__What to work on__. Please retype the records that appear below, exactly and in full.

__Records supplied__.
---

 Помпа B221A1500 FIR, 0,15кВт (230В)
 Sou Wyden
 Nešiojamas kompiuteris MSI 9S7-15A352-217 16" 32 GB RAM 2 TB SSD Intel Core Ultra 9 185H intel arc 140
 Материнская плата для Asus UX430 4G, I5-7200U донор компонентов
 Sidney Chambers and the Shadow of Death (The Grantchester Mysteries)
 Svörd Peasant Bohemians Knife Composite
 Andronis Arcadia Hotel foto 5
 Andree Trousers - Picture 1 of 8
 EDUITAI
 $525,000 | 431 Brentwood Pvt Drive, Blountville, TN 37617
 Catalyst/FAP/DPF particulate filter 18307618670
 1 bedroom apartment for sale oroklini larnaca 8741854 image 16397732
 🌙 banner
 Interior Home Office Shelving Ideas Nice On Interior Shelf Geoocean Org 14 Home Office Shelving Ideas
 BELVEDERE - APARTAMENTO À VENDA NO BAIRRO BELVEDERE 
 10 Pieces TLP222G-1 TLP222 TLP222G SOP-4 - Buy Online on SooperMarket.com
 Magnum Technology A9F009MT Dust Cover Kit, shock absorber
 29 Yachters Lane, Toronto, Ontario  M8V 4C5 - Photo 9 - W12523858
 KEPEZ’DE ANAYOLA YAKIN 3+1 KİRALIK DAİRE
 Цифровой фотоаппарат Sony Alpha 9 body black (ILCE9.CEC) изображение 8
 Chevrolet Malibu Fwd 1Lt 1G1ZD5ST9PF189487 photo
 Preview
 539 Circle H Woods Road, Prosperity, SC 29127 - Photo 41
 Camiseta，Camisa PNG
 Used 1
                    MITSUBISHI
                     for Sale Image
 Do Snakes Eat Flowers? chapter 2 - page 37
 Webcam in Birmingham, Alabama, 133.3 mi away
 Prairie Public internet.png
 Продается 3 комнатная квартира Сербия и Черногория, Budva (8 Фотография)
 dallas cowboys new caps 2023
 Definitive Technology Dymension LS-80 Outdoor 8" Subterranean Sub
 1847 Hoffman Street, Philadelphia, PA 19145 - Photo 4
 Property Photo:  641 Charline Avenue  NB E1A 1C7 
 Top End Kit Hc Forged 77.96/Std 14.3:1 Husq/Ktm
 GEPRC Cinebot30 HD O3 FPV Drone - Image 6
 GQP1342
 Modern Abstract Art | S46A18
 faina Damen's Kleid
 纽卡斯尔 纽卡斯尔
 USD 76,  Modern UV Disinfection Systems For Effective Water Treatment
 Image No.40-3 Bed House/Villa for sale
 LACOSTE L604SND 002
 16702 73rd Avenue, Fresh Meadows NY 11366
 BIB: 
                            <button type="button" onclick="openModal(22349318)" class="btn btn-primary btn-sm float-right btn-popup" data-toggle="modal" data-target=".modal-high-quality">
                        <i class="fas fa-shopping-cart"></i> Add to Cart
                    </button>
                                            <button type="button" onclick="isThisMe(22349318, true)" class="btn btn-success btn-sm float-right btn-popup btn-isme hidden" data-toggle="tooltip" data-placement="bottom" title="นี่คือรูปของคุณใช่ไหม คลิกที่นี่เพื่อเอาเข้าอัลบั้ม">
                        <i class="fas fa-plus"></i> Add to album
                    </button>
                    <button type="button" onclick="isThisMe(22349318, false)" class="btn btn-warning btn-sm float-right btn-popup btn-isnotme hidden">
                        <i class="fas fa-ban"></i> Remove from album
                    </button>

---

__Output of the exercise__.
 Помпа B221A1500 FIR, 0,15кВт (230В)
 Sou Wyden
 Nešiojamas kompiuteris MSI 9S7-15A352-217 16" 32 GB RAM 2 TB SSD Intel Core Ultra 9 185H intel arc 140
 Материнская плата для Asus UX430 4G, I5-7200U донор компонентов
 Sidney Chambers and the Shadow of Death (The Grantchester Mysteries)
 Svörd Peasant Bohemians Knife Composite
 Andronis Arcadia Hotel foto 5
 Andree Trousers - Picture 1 of 8
 EDUITAI
 $525,000 | 431 Brentwood Pvt Drive, Blountville, TN 37617
 Catalyst/FAP/DPF particulate filter 18307618670
 1 bedroom apartment for sale oroklini larnaca 8741854 image 16397732
 🌙 banner
 Interior Home Office Shelving Ideas Nice On Interior Shelf Geoocean Org 14 Home Office Shelving Ideas
 BELVEDERE - APARTAMENTO À VENDA NO BAIRRO BELVEDERE 
 10 Pieces TLP222G-1 TLP222 TLP222G SOP-4 - Buy Online on SooperMarket.com
 Magnum Technology A9F009MT Dust Cover Kit, shock absorber
 29 Yachters Lane, Toronto, Ontario  M8V 4C5 - Photo 9 - W12523858
 KEPEZ’DE ANAYOLA YAKIN 3+1 KİRALIK DAİRE
 Цифровой фотоаппарат Sony Alpha 9 body black (ILCE9.CEC) изображение 8
 Chevrolet Malibu Fwd 1Lt 1G1ZD5ST9PF189487 photo
 Preview
 539 Circle H Woods Road, Prosperity, SC 29127 - Photo 41
 Camiseta，Camisa PNG
 Used 1
                    MITSUBISHI
                     for Sale Image
 Do Snakes Eat Flowers? chapter 2 - page 37
 Webcam in Birmingham, Alabama, 133.3 mi away
 Prairie Public internet.png
 Продается 3 комнатная квартира Сербия и Черногория, Budva (8 Фотография)
 dallas cowboys new caps 2023
 Definitive Technology Dymension LS-80 Outdoor 8" Subterranean Sub
 1847 Hoffman Street, Philadelphia, PA 19145 - Photo 4
 Property Photo:  641 Charline Avenue  NB E1A 1C7 
 Top End Kit Hc Forged 77.96/Std 14.3:1 Husq/Ktm
 GEPRC Cinebot30 HD O3 FPV Drone - Image 6
 GQP1342
 Modern Abstract Art | S46A18
 faina Damen's Kleid
 纽卡斯尔 纽卡斯尔
 USD 76,  Modern UV Disinfection Systems For Effective Water Treatment
 Image No.40-3 Bed House/Villa for sale
 LACOSTE L604SND 002
 16702 73rd Avenue, Fresh Meadows NY 11366
 BIB: 
                            <button type="button" onclick="openModal(22349318)" class="btn btn-primary btn-sm float-right btn-popup" data-toggle="modal" data-target=".modal-high-quality">
                        <i class="fas fa-shopping-cart"></i> Add to Cart
                    </button>
                                            <button type="button" onclick="isThisMe(22349318, true)" class="btn btn-success btn-sm float-right btn-popup btn-isme hidden" data-toggle="tooltip" data-placement="bottom" title="นี่คือรูปของคุณใช่ไหม คลิกที่นี่เพื่อเอาเข้าอัลบั้ม">
                        <i class="fas fa-plus"></i> Add to album
                    </button>
                    <button type="button" onclick="isThisMe(22349318, false)" class="btn btn-warning btn-sm float-right btn-popup btn-isnotme hidden">
                        <i class="fas fa-ban"></i> Remove from album
                    </button>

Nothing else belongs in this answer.